The title of The Tallest Man On Earth’s second album, The Wild Hunt, refers to the phantasmal hunting party of Norse and Germanic myth, damned forever to pursue some unseen quarry as it rages across the sky, bearing an ill omen for all who see it. Kind of a gloomy thing to call your album, particularly the dreaded sophomore affair.

With his debut album, The Tallest Man On Earth — alias Sweden’s Kristian Matsson — set the bar incredibly high. In Shallow Graves, Matsson “forced the Serengeti to disappear into my eyes” and “boiled the curtains to extract the drugs of springtime”… and that’s just the first two songs.
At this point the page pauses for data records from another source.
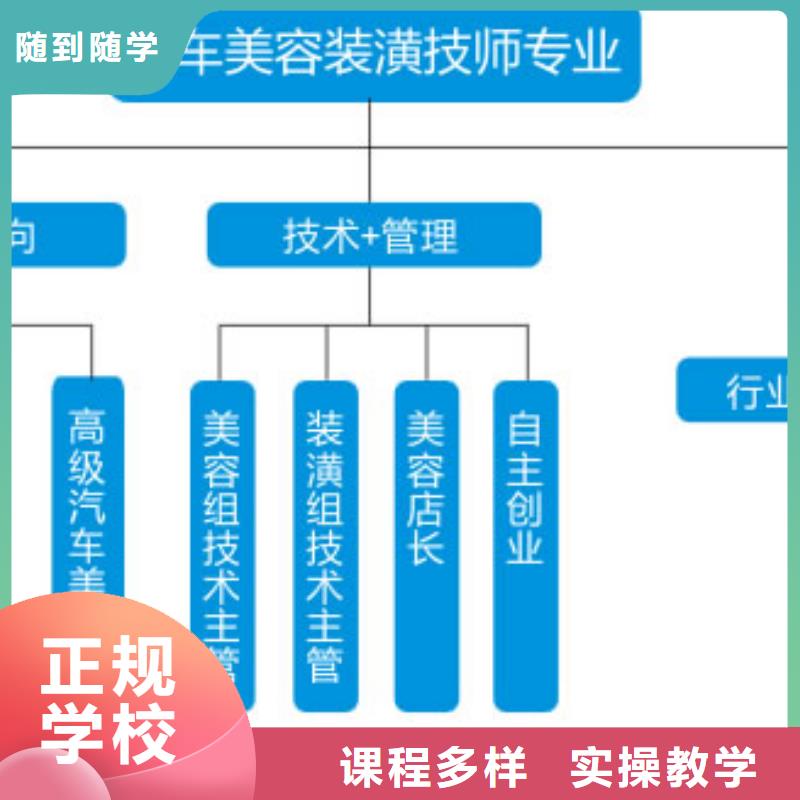 【汽车美容钣金】挖掘机实操培训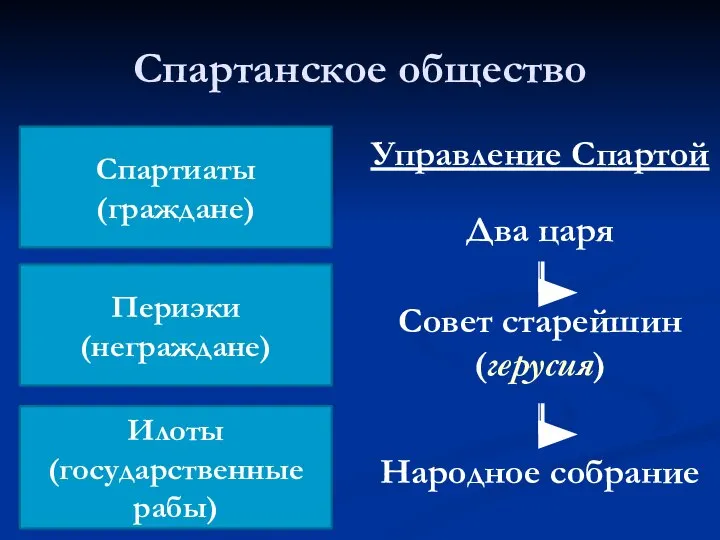 Спартанское общество Спартиаты (граждане) Периэки (неграждане) Илоты (государственные рабы) Управление Спартой Два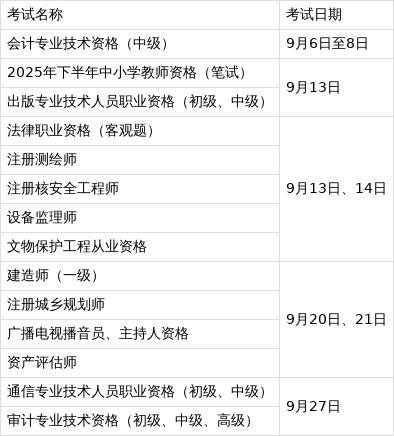 9月这些考试时间定了 考证时间表来啦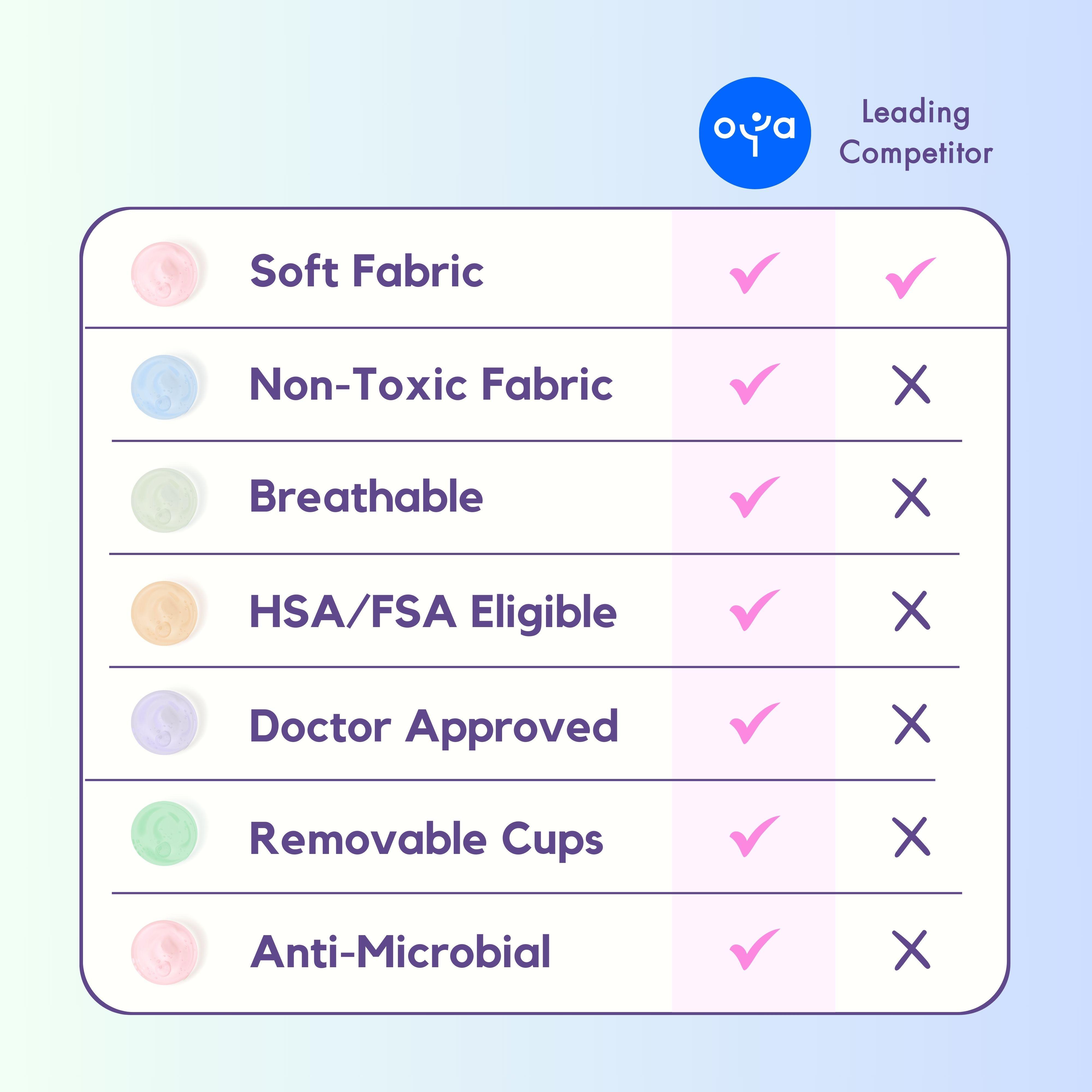 Oya Femtech Apparel - Wholesale Sports Bra - Women's - Cooling Compression Bra - Sensitive Skin12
Album favorite “The Gardener” deftly told the story of a lover gone mad with obsession and paranoia; yet it remained, at its heart, a love song. To say Matsson bore the weight of expectation with his follow-up would be an understatement.

 

But he bucks the sophomore slump on The Wild Hunt, forging another set of haunting acoustic folk that is at times darker than its predecessor. In the title (and opening) track, the speaker waits for his soul to be taken by the Wild Hunt — the “storming cavalcade” of myth, said to be a harbinger of war or famine or plague, and of certain death to all who cross its path. Matsson maintains his mythological bent on “Burden Of Tomorrow,” a song about a man who, “Rumor has it … was not born/ I just walked in one frosty morn/ Into the vision of some vacant mind.” Later he is “Just a blind man on the plains/ I drink my water when it rains/ And live by chance among the lightning strikes.” Even the disarmingly titled “Love Is All” conceals a twist — “Love is all, from what I’ve heard/ But my heart’s learned to kill.” This is not the song to play at your wedding.
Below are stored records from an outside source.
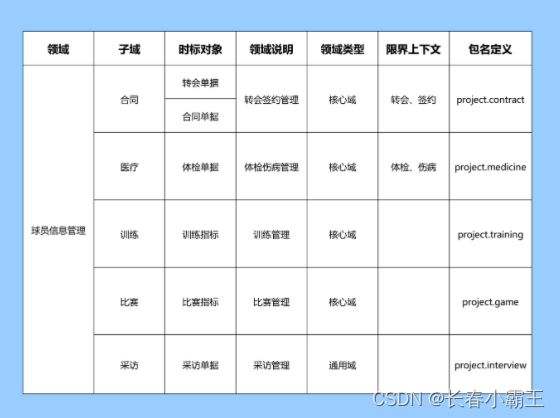 ddd领域模型设计 java代码结构_微服务_08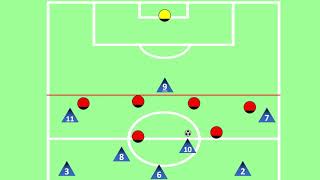 Understanding Offside for Youth Soccer Players [upl. by Daisey152]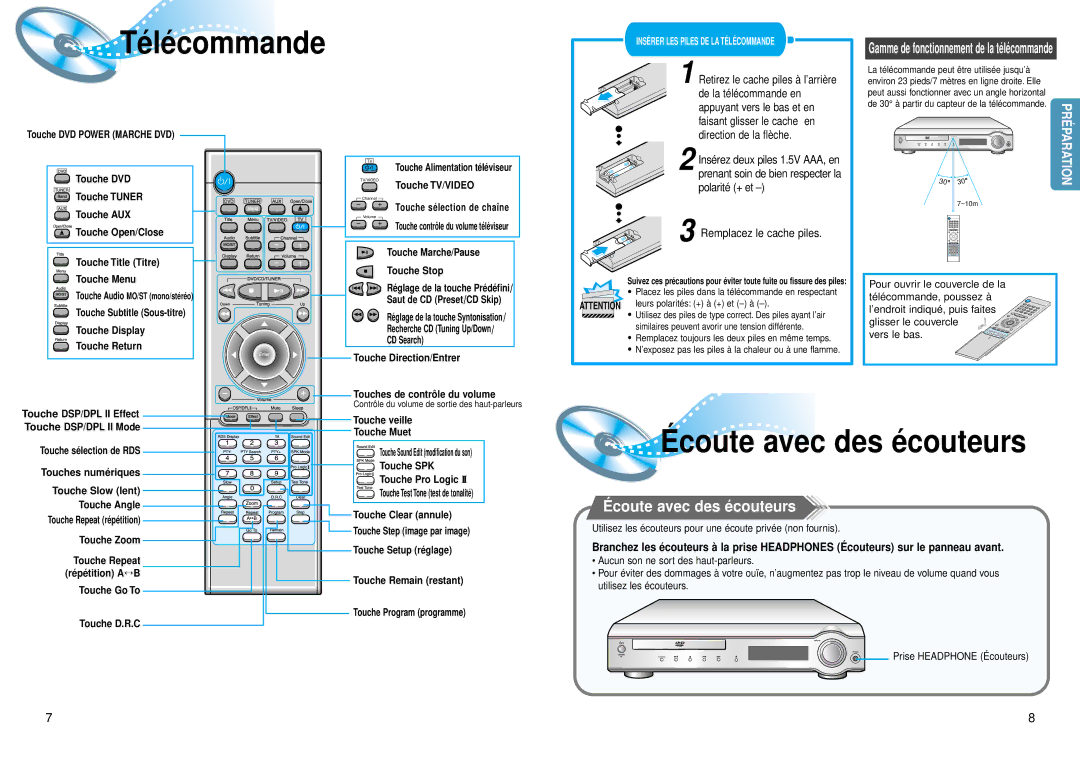 Samsung HTDM150RH/EDC, HTDM150RH/ELS manual Té lé commande, Coute avec des é couteurs, Remplacez le cache piles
Listen to “King Of Spain”DOWNLOAD MP3

Musically, the album does not stray far from its predecessor. Matsson backs his earnest, plaintive vocals with his nimble guitar picking and strumming. But closer “Kids On The Run” hints at new horizons for his “man-with-guitar” style. With a big, brooding piano as his accompaniment, Matsson croons heartbreaking lines like, “And no, I will never speak of days/ Because I know you won’t count them/ No, we have never grown a day/ From the poison we shared,” in a song that stretches to nearly five minutes — an epic, by his standard.
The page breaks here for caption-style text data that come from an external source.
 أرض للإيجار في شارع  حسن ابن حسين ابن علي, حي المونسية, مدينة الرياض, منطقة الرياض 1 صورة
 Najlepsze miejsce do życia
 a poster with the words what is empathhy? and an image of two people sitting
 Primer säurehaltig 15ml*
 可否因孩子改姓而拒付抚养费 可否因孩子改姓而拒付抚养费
Though nothing here quite reaches the dizzying heights of “The Gardener,” lead single “King Of Spain” comes close. A driving guitar opens the piece, before Matsson howls, “I never knew I was a lover,” launching into an outsized song about the power of illusion. He whirls through lines about “provok[ing] the bulls with words,” as “All the senoritas sighing/ Will be the fountain of my lies.”

But the record nearly skips when he declares, “I’ll wear my boots of Spanish leather/ Oh while I’m tightening my crown.” It’s a bold bit of self-awareness and derring-do (the numerous comparisons to Dylan at this point are both ubiquitous and superfluous), and Matsson delivers the line with the requisite wink and nod, begging the comparison while also undermining it. When in the following verse he intones, “Because you named me as your lover/ Well, I thought I could be anything,” he’s rebuffing attempts to be labeled — whether as a lover or as standard-bearer for the elusive “next Dylan.” Besides, why be the king of post-Elvis rock when he’d rather be the king of Spain?